2008年09月04日
・芸術作品と工作物のはざま

先月28日の朝日新聞の記事に「作品改変に彫刻家抗議」というものがあった。
滋賀県中央子ども家庭相談センターにつくった作品「創造の翼」が無断で改変されてしまったことに作家が怒ったという。
「作品は私の分身」と抗議する作家に対し、センター側は「芸術作品として認識していなかった」と釈明。
芸術家の作ったものは『芸術』と主張する作者に対して、所有する側は施設に付属する『設備』との認識。
この『作品』が設置されたのは、24年前だからバブル経済に向けて自治体の金遣いが粗雑になっていった頃です。
行政の施設に『芸術』を取り入れる余裕というか無駄遣いが見境いなくなりはじめた頃のものです。
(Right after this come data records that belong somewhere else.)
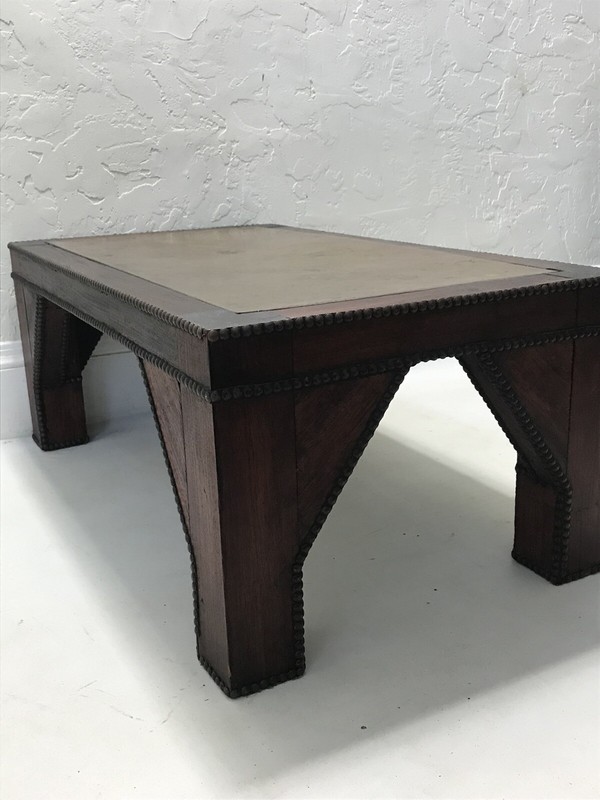 Early 20th Century English Arts & Crafts Copper Nailhead Wood Table gallery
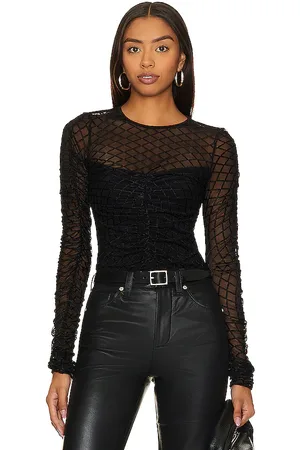 Amanda Uprichard Safira top en color talla S en - Black. Talla S (también en XS).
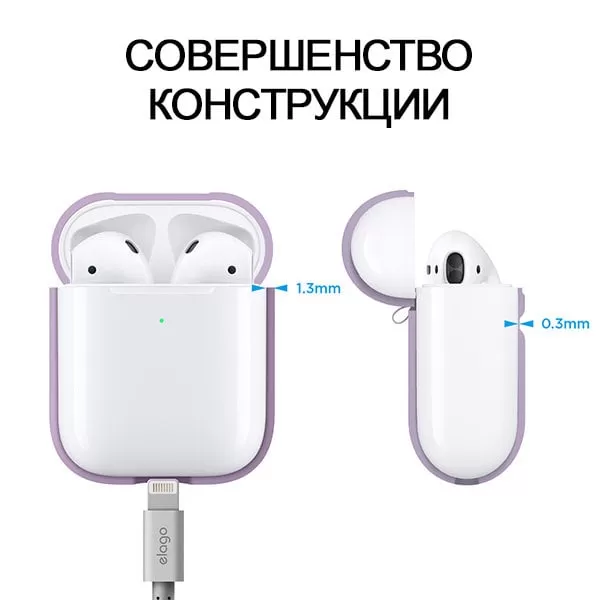 Чехол Elago Silicone case для AirPods 2, лавандовый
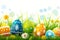 Happy easter Red Chrysanthemum Eggs Easterly Basket. White uplifted Bunny cyan blue. communion card background wallpaper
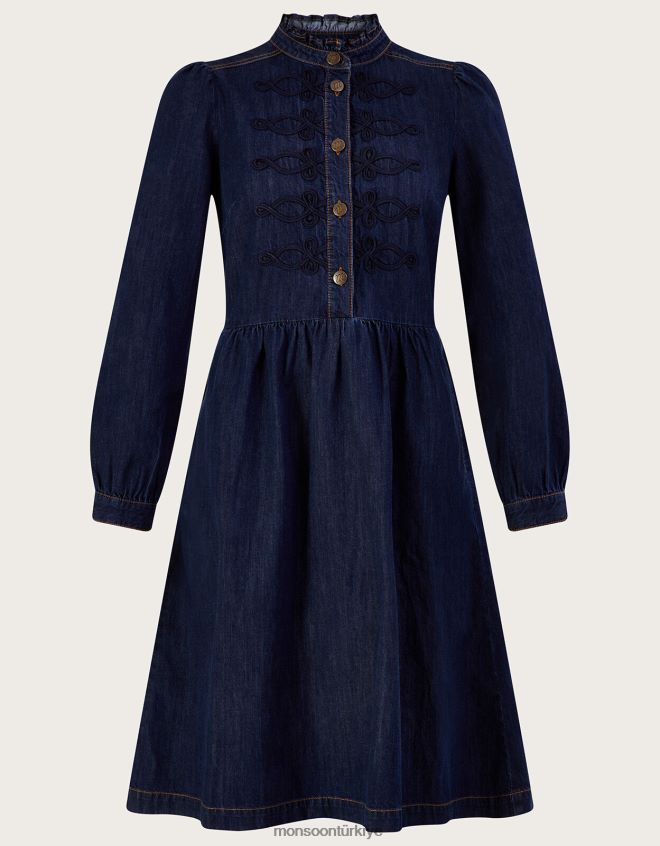 Monsoon kadınlar Sürdürülebilir pamuktan denizci denim diz boyu elbise JH86BT780 Giyim mavi (kot mavisi)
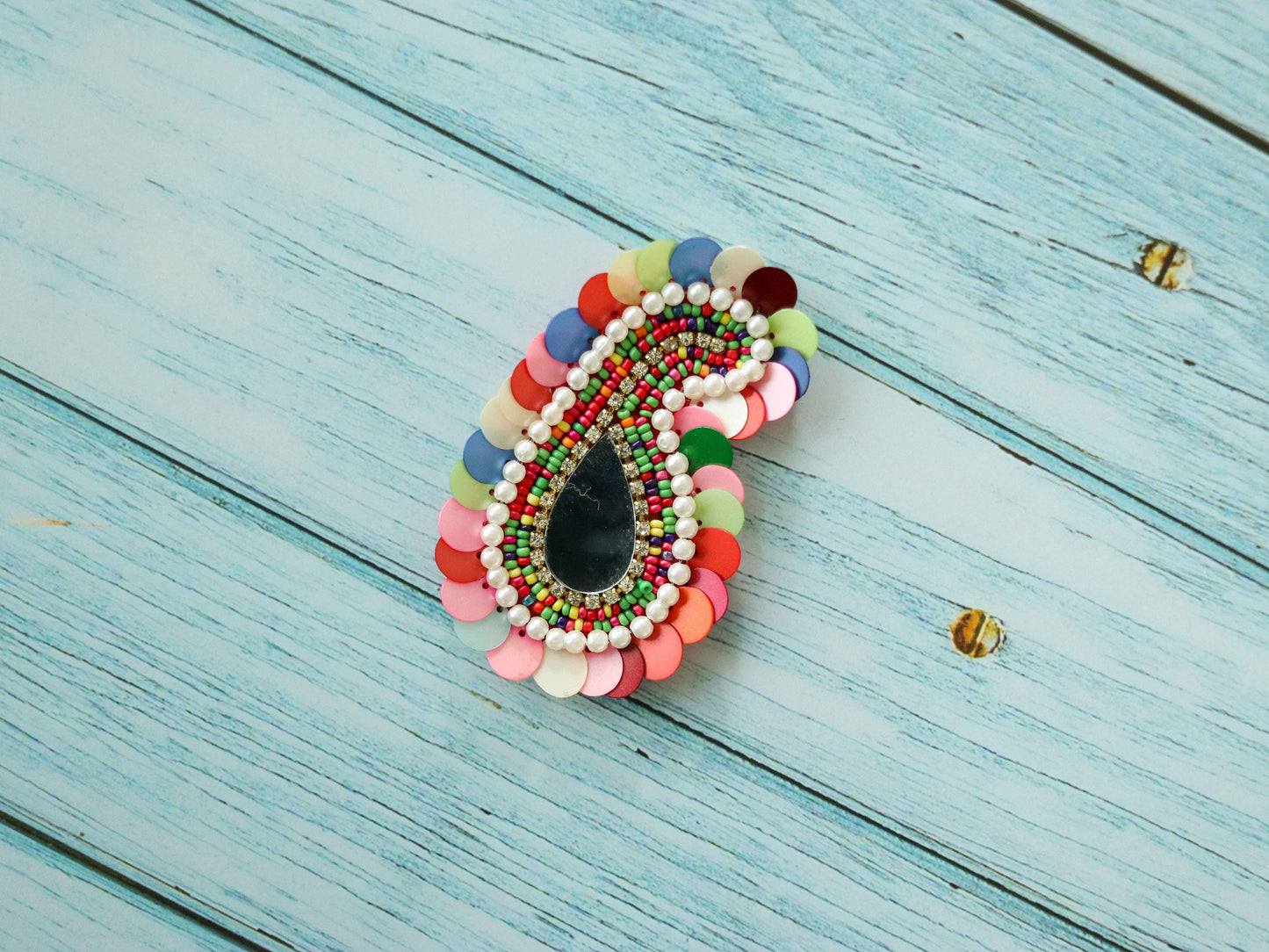 Multicolour Sequin Beaded Paisley Patch,Handmade Pastel Colour Sequin Mirror Applique, Boho Quirky Patch,DIY Patch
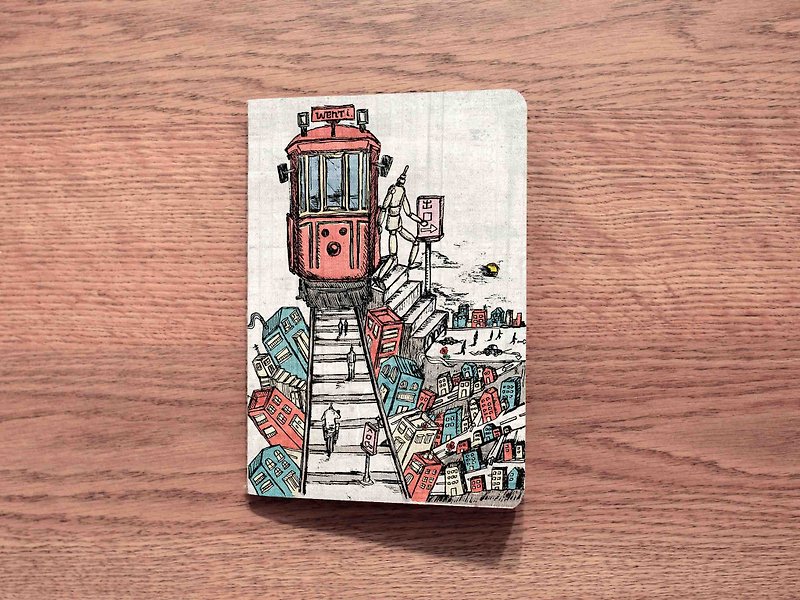 【Stitched notebook】-Life ‧ Path ‧ Cityscape- Act6 - สมุดบันทึก/สมุดปฏิทิน - กระดาษ สีแดง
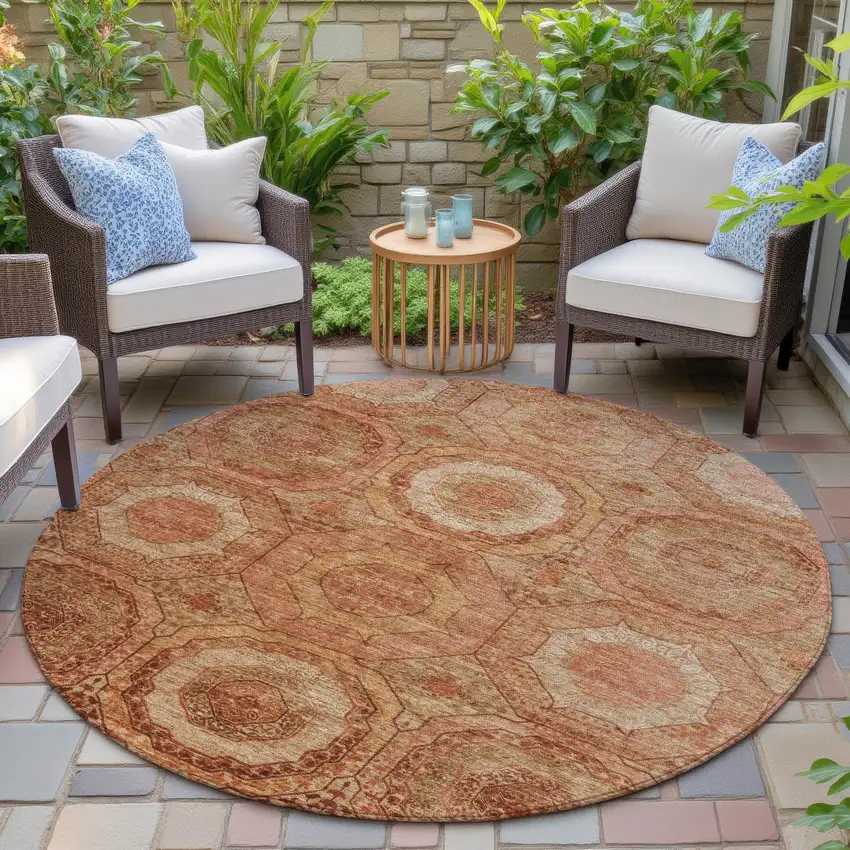 8' Terra Cotta Copper And Peach Round Geometric Washable Indoor Outdoor Area Rug Photo 6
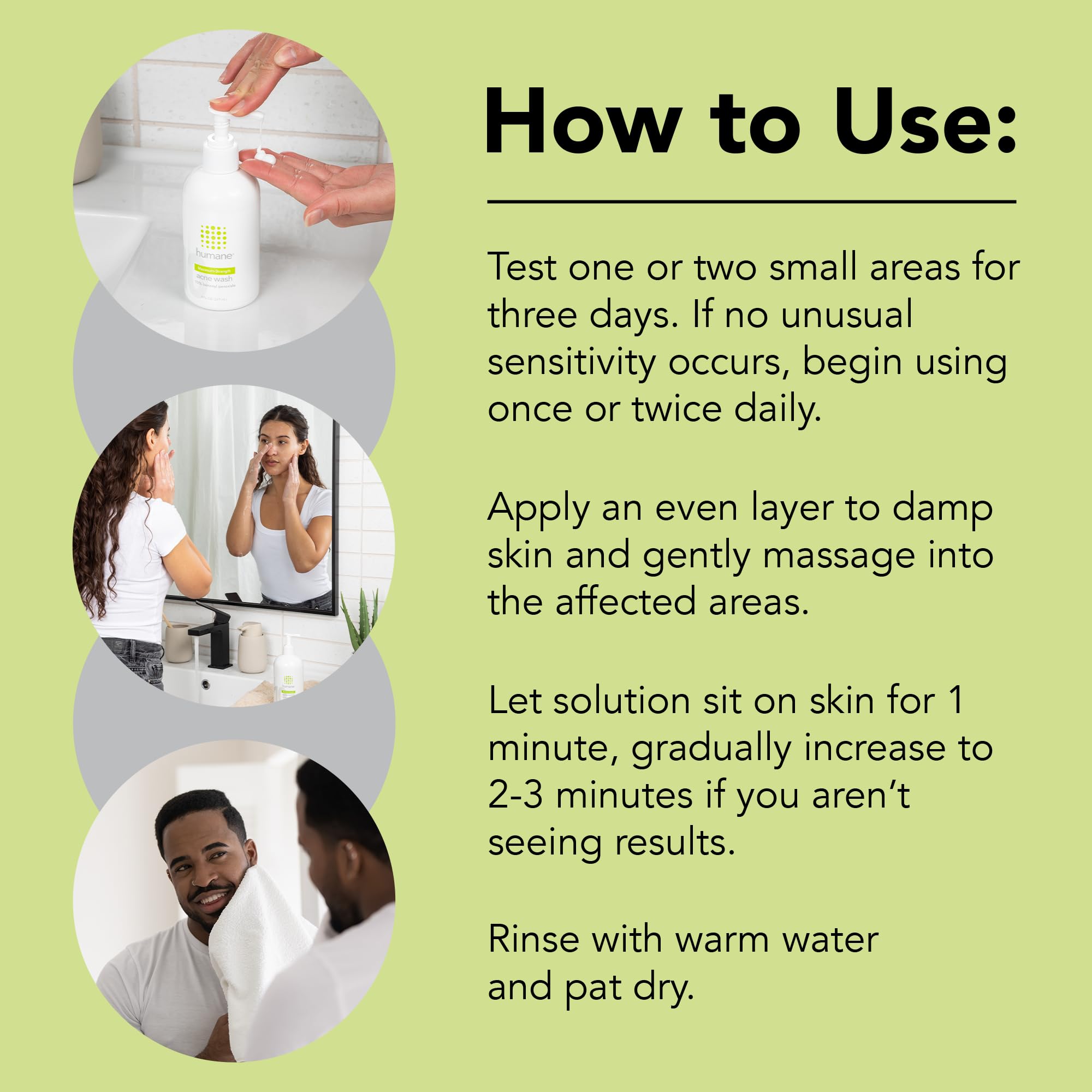 Humane Maximum-Strength Acne Wash - 10% Benzoyl Peroxide Acne Treatment For Face, Skin, Butt, Back And Body - 8 Fl Oz - Dermatol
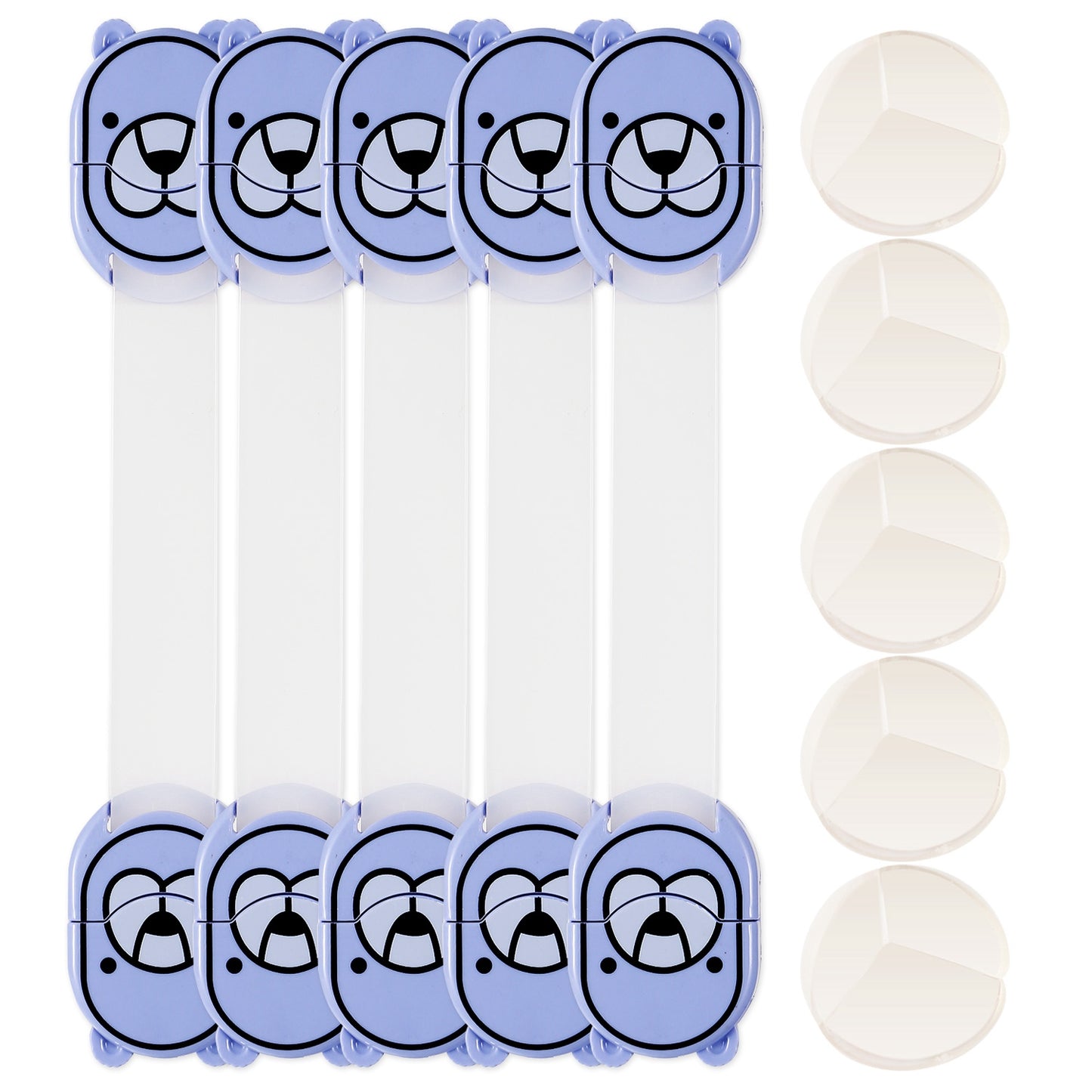 5Pcs Kids Safety Locks w/ 5 Furniture Corner Protectors Drawer Cabinet Strap Locks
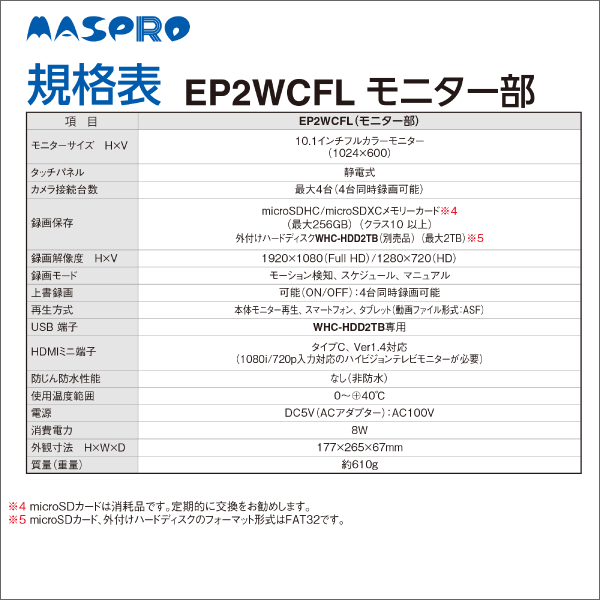 マスプロ電工 カメラ モニター＆ワイヤレス 増設カメラ フルハイビジョン EP2WCF-C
公共施設に『芸術作品』という設備を税金で作ることが、なんとなくステータスのような錯覚にとらわれていたのかもしれません。
問題となった作品が芸術かどうかは、作家が決めるわけでも持ち主が決めるわけでもないと思う。
その時代の社会だったり、歴史文化が芸術としての価値を認めるかどうかにかかわってくるのではないでしょうか。
仮に、この作品がロダンの「考える人」だったら、今回のような問題は生じなかったはず。
万人が芸術作品と認める域に達していない程度のものであったことで認識の違いが生じたんだと思います。
施設を作るときに芸術作品として購入したなら、それなりの対応が必要だと思うが、そもそも子どものための施設には大枚をはたいて取り扱いに窮する芸術よりも、子どもの創造性を育む優れた遊具のほうがいいと思う。
作品を改変されたと怒る作家の気持ちも分かるが、自分の作品に固執するばかりではなく所有者の都合にも配慮した柔軟な思考があっても良いのではないか。
所有者も芸術に限らず作り手の想いに配慮した、取り扱いが必要だと思う。
芸術作品だからなんでも改変はダメというのでは芸術家のエゴだと思うので、人が精魂込めて作ったものに対しては、わけ隔てなく価値を見出し、社会的な価値が高いと認められたものには取り扱いに注意することを心がけてもらいたい。
**参考法令 同一性保持権
同一性保持権とは、著作者人格権の一種であり、著作物及びその題号につき著作者の意に反して変更、切除その他の改変を禁止することができる権利のことをいう(著作権法20条1項前段)
ただし、建築物の増改築・修繕等に伴う改変の場合には、同一性保持権の適用が除外され、改変が認められる(著作権法20条2項)。
今回の芸術が、建築物の付属設備なのか、単独の著作物なのかで判断が分かれそう。